Furiosamente se revolvían sus ojos cual si codiciasen desgarrar
llagas y cortezas y verter fuera toda la brasa del odio. Se
estremecía con violencia la flácida piel de su cuello hendido y el
aliento que hablaba salía con estrépito de saliva.
-Esto
de la política es para él más que su lepra -murmuró el posadero.

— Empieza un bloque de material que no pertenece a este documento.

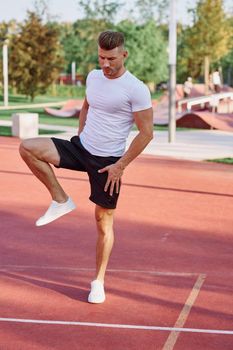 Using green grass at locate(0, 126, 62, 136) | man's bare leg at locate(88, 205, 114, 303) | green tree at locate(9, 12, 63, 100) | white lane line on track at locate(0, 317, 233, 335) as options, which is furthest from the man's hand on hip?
green tree at locate(9, 12, 63, 100)

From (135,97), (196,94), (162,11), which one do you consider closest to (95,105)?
(135,97)

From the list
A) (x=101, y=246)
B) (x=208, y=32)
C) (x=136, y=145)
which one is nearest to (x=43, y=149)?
(x=136, y=145)

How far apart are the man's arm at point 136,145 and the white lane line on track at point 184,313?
→ 1069 mm

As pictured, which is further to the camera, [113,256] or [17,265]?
[113,256]

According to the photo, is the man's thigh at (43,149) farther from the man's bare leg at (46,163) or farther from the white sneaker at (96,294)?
the white sneaker at (96,294)

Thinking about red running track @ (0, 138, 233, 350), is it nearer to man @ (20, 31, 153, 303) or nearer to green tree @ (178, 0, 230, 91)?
man @ (20, 31, 153, 303)

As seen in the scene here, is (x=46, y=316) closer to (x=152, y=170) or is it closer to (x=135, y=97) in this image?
(x=135, y=97)

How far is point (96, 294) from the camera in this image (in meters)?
5.60

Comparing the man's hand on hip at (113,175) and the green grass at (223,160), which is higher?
the man's hand on hip at (113,175)

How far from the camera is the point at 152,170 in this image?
14.5 meters

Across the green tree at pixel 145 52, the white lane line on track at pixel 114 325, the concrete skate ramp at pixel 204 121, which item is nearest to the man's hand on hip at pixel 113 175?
the white lane line on track at pixel 114 325

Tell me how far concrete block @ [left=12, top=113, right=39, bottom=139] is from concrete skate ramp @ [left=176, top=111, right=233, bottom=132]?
21.8ft

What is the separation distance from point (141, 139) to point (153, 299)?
1.39 meters

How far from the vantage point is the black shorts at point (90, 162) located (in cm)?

Mire: por aquí pasan para ir al campo los que lo han menester, y
alguno, por reír tan sólo, se asoma y dice mal del bando de
Batiste. Y Batiste, aunque esté en cueros, sale y se echa a las
tapias como un perro y tira por su boca basura. Se asoma otro y le
refiere: que si el mandón del partido contrario mercó la mejor
masía del contorno, o si casa a su hija con un sobrino del diputao,
¡lo manco! Y Batiste venga de rabiar y rabiar. Pues si alguno le
cuenta bien de los suyos, él habla de los otros siempre con coraje.

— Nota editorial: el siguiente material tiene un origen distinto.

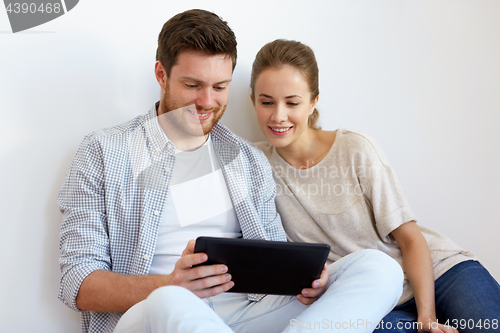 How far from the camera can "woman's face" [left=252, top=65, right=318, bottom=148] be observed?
1375 millimetres

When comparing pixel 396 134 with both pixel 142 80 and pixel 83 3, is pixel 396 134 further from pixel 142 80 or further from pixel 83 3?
pixel 83 3

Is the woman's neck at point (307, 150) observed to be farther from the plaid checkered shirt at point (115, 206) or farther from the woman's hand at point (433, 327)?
the woman's hand at point (433, 327)

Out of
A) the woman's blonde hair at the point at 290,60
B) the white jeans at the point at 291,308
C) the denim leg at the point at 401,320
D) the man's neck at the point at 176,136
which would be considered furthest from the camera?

¡No puede aguantarse el pobre!
-¡Sí
que es verdad, sí que es verdad! -corearon todos.
Y
se reían. La mujer, también; la humilde mujer pensó que así debía
convenir al general bullicio y regocijo. Sí; había que reír, que
todos reían. Y su mirada blanca no se apartaba de su marido
monstruoso.
Ese
mirar tierno y balsámico, o incisivo y frío, parecía enviar
aliento al mísero o echarle en cara su condición de mujer de
inmundo.
-Qué,
¿vamos a otro? -preguntó el huésped como si desfilaran entre las
rejas de una colección zoológica.
No
fueron a otro. Sigüenza no quiso.
Fueron
hacia el campo; era escueto, almagral, de bancales despedazados. A
trechos verdeaba la viña y se movían pausadamente las cañas del
panizo.
Manzanos
aparrados orlaban las tupidas alcatifas de las alfalfas. Y algunas
oliveras canísimas, de cimas de plata, se suceden, de cuando en
cuando, hasta llegar a la ingente sierra cenizosa en que remata el
paisaje.
El
sol incendiaba roquedad, tierra y fronda. Sigüenza y los lugareños
buscaron el refugio de las arcadas de un encalado riu-rau.
Cantaba
con fiereza el coro ronco, chirriante de las cigarras.
Los
hombres se echaron en el suelo. Gustaban con delicia la sombra.
Sigüenza
se imaginaba al leproso, hundido en la zahurda, inter-poniendo una
tapa de cañas a la caricia del cielo y de la luz; palpándose la
lepra de su carne y manándole su alma lepra de odios. En el pueblo
sonaba un sartal de horas.
El
huésped las contó y al saberlas alzóse presuroso, sacudiéndose su
pantalón de pana negra.
-¡Las
dose, las dose!
Encargó,
al salir de casa, que hiciesen arroz, y ya debía hallarse pajizo de
puro cocido y rico. La mesa estará puesta y vestida con mantel
limpio; habrá pan tierno, del día; aceitunas en salmuera; guindas
rugosas, dulces y oreadas; un pollo emblandecido y aromatizado con
tostones de tocino y cebollicas menudas como nueces; rajas de queso;
confitura de arrope y vino de propio lagar... Comerán juntos
Sigüenza, el médico y él.
Y
se alborozaba fingiéndose el yantar cercano.
-Vámonos,
vámonos, señor de Sigüensa -repetía. Pues "nada hay tan
inoportuno como el hambre", que dijo Homero en su Odysea.